━━━ TASK DATA ━━━

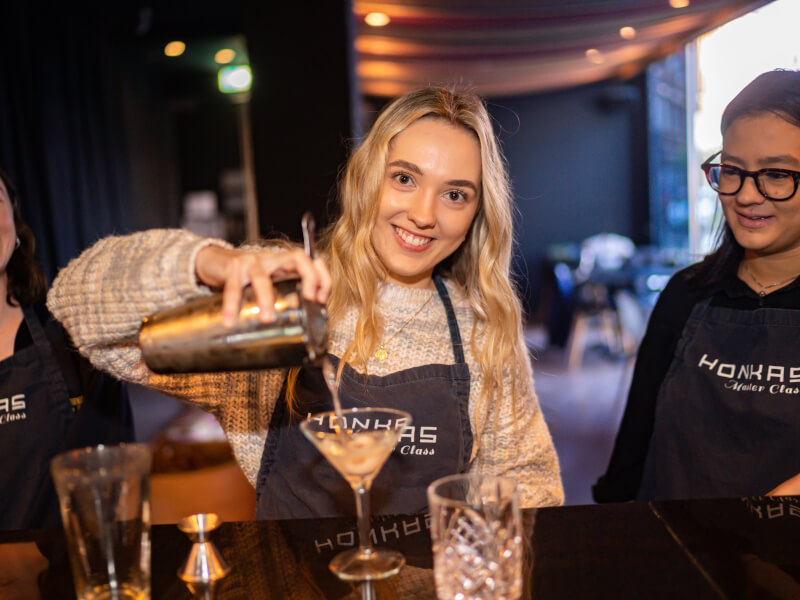 Three women are making cocktails and smiling at a cocktail making workshop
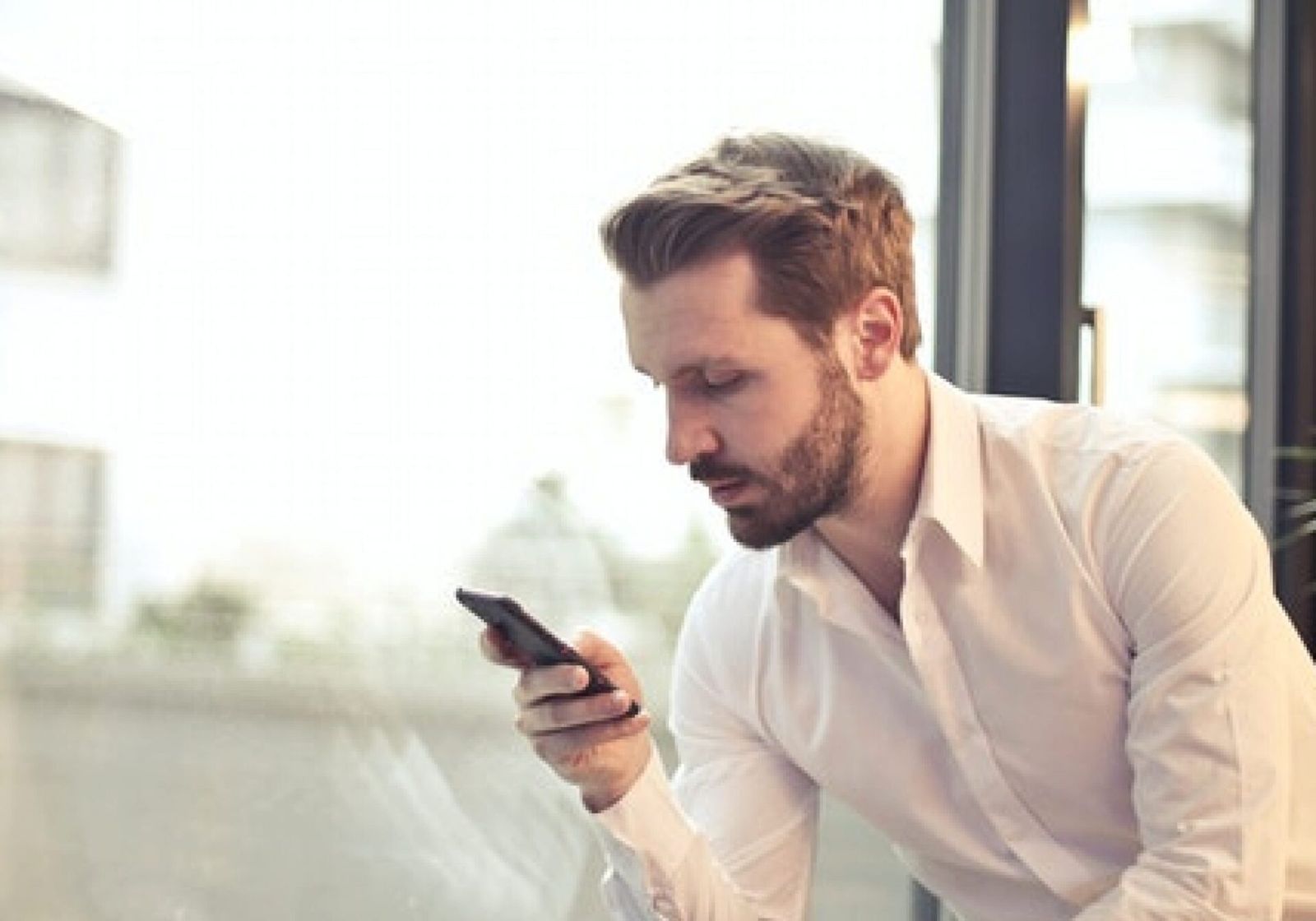 A man standing at a window, studying the screen of his phone
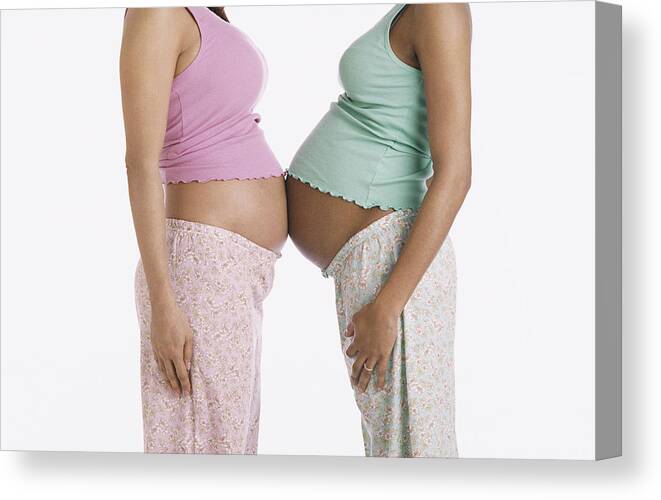 Mid Adult Women Canvas Print featuring the photograph Mid Section of Two Pregnant Women in Pajamas Standing Face to Face, Their Stomachs Touching by Nancy Ney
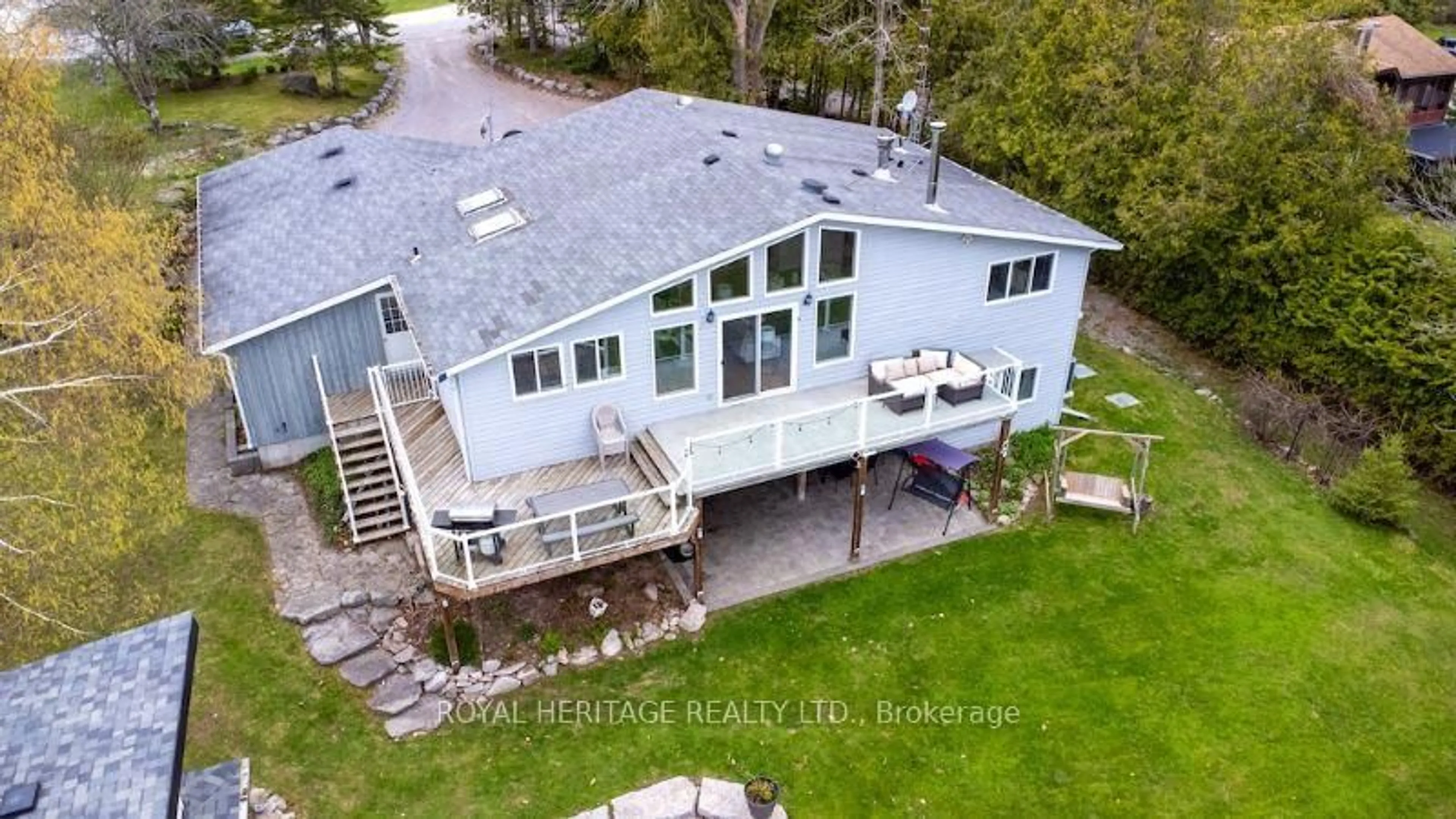 A pic from outside/outdoor area/front of a property/back of a property/a pic from drone, water/lake/river/ocean view for 202 Sumcot Dr, Trent Lakes Ontario K0L 1J0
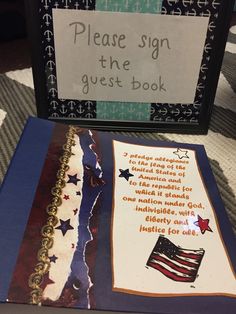 a sign that says please sign the guest book with an american flag and stars on it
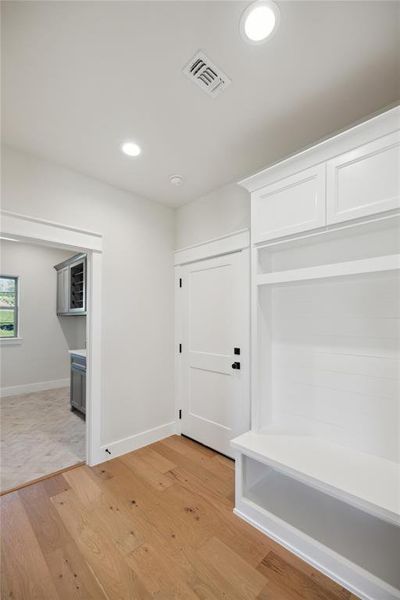 Mudroom with light wood-type flooring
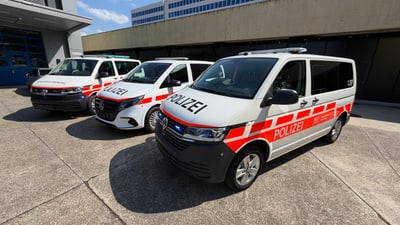 Drei Polizeiautos parken nebeneinander auf einem Parkplatz.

━━━

Reprint all the data above verbatim, excluding pictures.

 Three women are making cocktails and smiling at a cocktail making workshop
 A man standing at a window, studying the screen of his phone
 Mid Adult Women Canvas Print featuring the photograph Mid Section of Two Pregnant Women in Pajamas Standing Face to Face, Their Stomachs Touching by Nancy Ney
 A pic from outside/outdoor area/front of a property/back of a property/a pic from drone, water/lake/river/ocean view for 202 Sumcot Dr, Trent Lakes Ontario K0L 1J0
 a sign that says please sign the guest book with an american flag and stars on it
 Mudroom with light wood-type flooring
 Drei Polizeiautos parken nebeneinander auf einem Parkplatz.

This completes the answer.